×
Community Blog What Are Time Series Databases?

What Are Time Series Databases?

In this article, we will introduce the history and development of time series databases (TSDBs) and discuss the applications of TSDBs.

By Jiao Xian

Time has always been an intriguing concept throughout human history. Oftentimes, we see interesting applications in science and technology that involve the use time. In the data age, time has been combined with databases, which has given rise to the popular time series database.

A time series database is essentially a vertical database with timestamp property. Since 2014, DB-Engines, a database popularity ranking website, has classified and counted time series databases as an independent directory, and the growth rate of time series databases in recent years ranks first in all database classifications (see figure below).

1

Time Series Databases

A time series database (TSDB) is a software system that is optimized for handling time series data, arrays of numbers indexed by time (a datetime or a datetime range)

The above is the definition of the time series database on Wikipedia. It can be divided into three aspects: time series features, data features, and database features.

  • Time series features:
  • Timestamp: In general business scenarios, the timestamp mainly reaches the precision level of seconds and milliseconds. However, in some high frequency collection scenarios, such as remote sensing, the timestamp can reach the nanosecond level.
The timestamp is divided into the UNIX system timestamp and the calendar, and they support automatic adaptation of time zones.
  • Sampling frequency: Generally, two sampling frequencies are available. One is the periodic time sampling frequency, such as the periodic summary metrics related to server performance. The other is the discrete sampling, such as website access.

Data features:

  • Data is appended in sequence.
  • Data can be multi-dimensional correlated.
  • Hot data is typically accessed at high frequencies.
  • Cold data needs to be reduced in dimension and archived.
  • Data mainly covers values, states and events.

Database features (CRUD)

  • The write speed is stable and far greater than the read speed.
  • Access data by window of time.
  • A time series database has few updates and some overwrites in a window of time.
  • A time series database enables the batch delete feature.
  • A time series database features high availability, reliability, and scalability of general-purpose databases.
  • Generally, no transaction capability is required.

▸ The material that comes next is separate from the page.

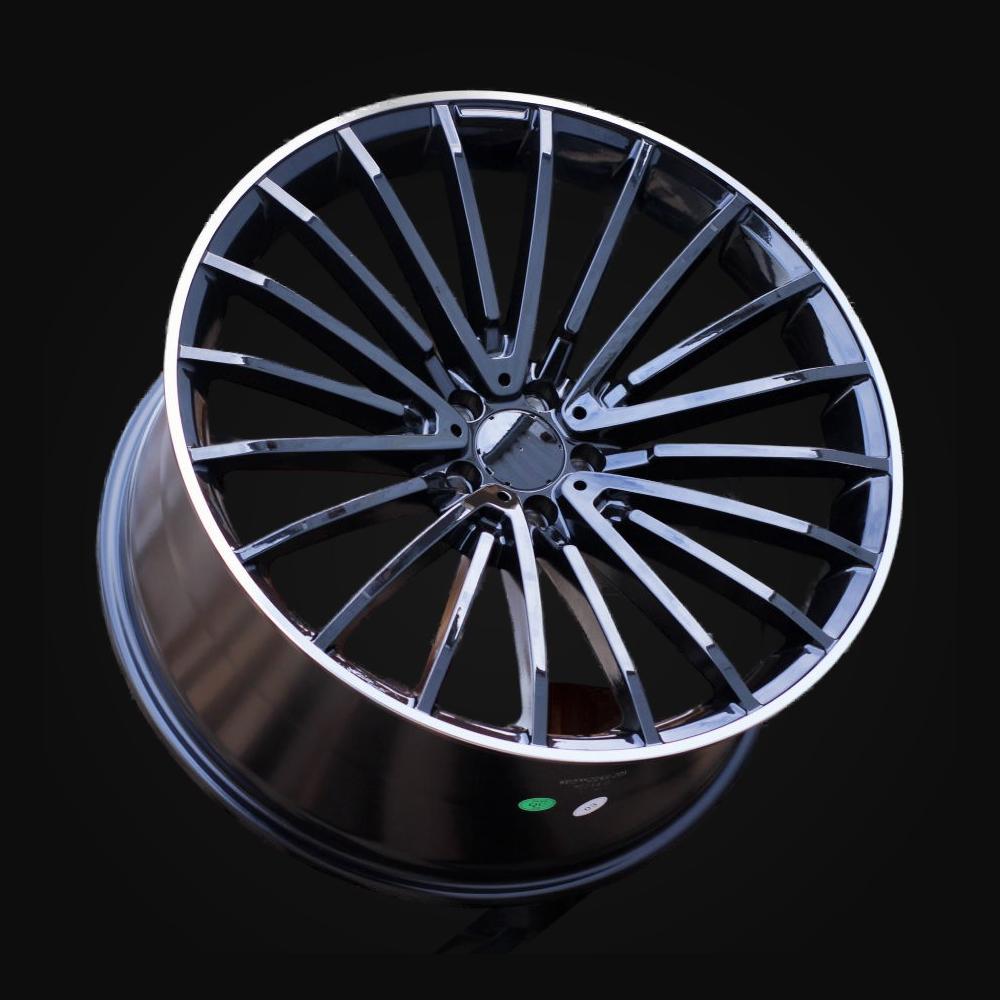 Wheel R19x8.5J  5X112  ET  40  66.6  MR532  (FBX122J)  Black+Polished Lip (BLPL)  For MER  (Z6)  (HYBRID FORGED Front+Rear)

A Brief Development History of Time Series Databases

2

The First-Generation Time Series Data Storage System

Although general-purpose relational databases can store time series data, they cannot process time series data very efficiently due to a lack of optimizations for time like storing and retrieving data by time intervals.

The first-generation time series data is typically derived from the monitoring field. Simple storage tools based on flat files are the preferred storage for this type of data.

Systems like RRDTool and Whisper usually process simplex data models and have limited standalone capacity. These systems are usually embedded in monitoring and alerting scenarios.

Time Series Database Based on General-Purpose Storage

With the development of big data and Hadoop, the time series data volume begins to grow rapidly, and system services put more requirements on processing time series data, for example, higher scalability.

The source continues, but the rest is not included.